» Problem description
Transcribe the records below from the first line to the line that includes "с юбилеем школа рисунки", inclusive, and omit the pictures.

-- Opening Marker --

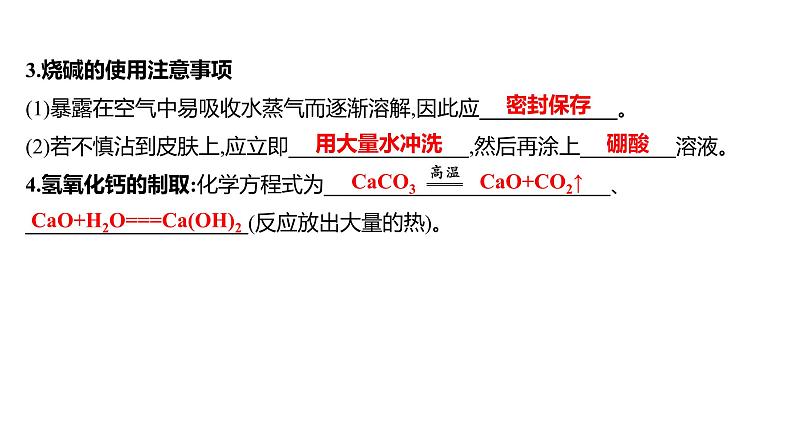 第二单元  第二节　碱及其性质 练习课件 2023--2024学年九年级化学鲁教版（五四学制）全一册第3页
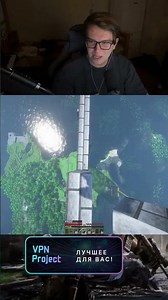 Here's how our moderators work on the stream | minecraft #minecraft #humor #cuts #stream #minecraft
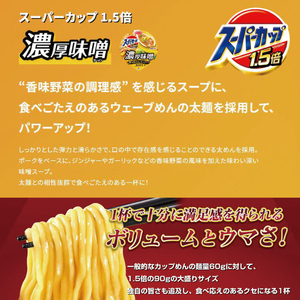 スーパーカップ1.5倍　みそラーメン　12個入り[ エースコック ラーメン インスタント カップ麺 カップラーメン 即席めん 時短 防災 備蓄 保存食 非常食 箱 ケース]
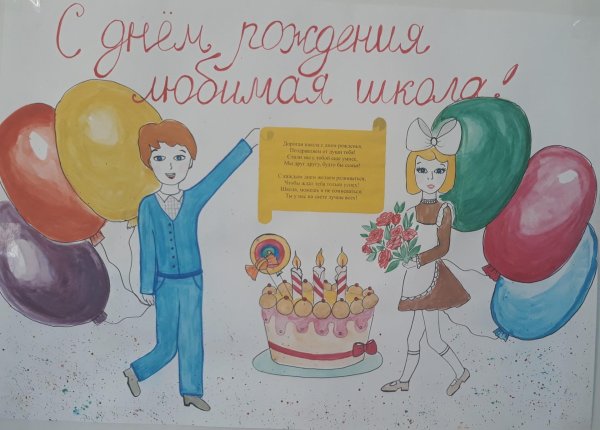 с юбилеем школа рисунки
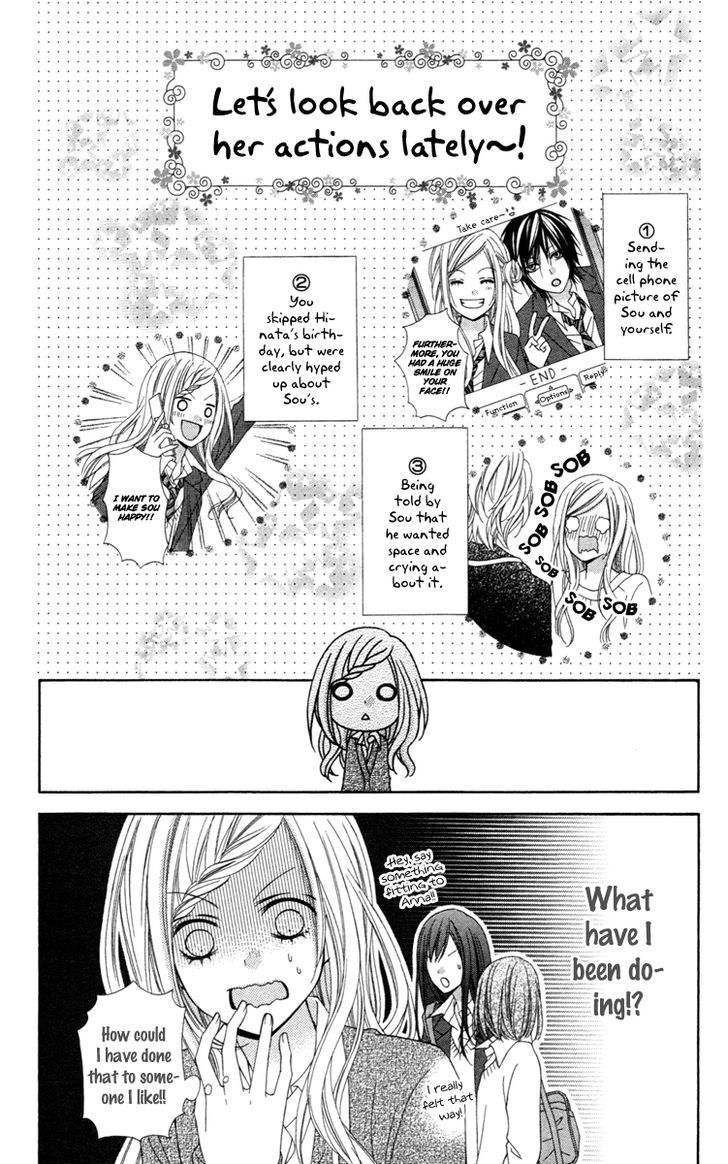 Read Stardust Wink chapter 26 image 14 on Lezhin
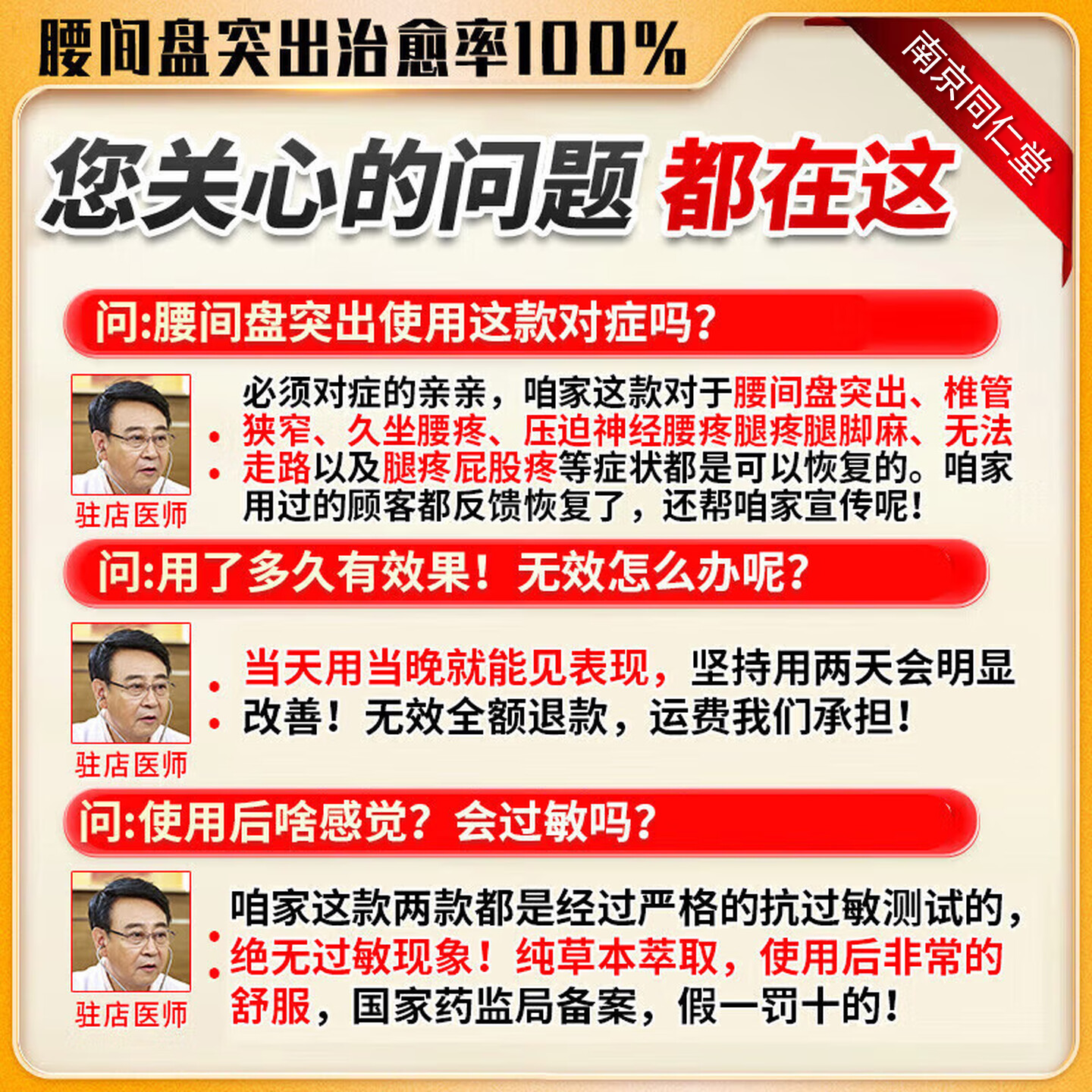 南京同仁堂腰椎间盘突出最好的膏i贴专用腰肌劳损i腰i疼痛屁股疼腿麻 特效单盒装【一盒24贴】多买多送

-- Closing Marker --

» Problem solution
 第二单元  第二节　碱及其性质 练习课件 2023--2024学年九年级化学鲁教版（五四学制）全一册第3页
 Here's how our moderators work on the stream | minecraft #minecraft #humor #cuts #stream #minecraft
 スーパーカップ1.5倍　みそラーメン　12個入り[ エースコック ラーメン インスタント カップ麺 カップラーメン 即席めん 時短 防災 備蓄 保存食 非常食 箱 ケース]
 с юбилеем школа рисунки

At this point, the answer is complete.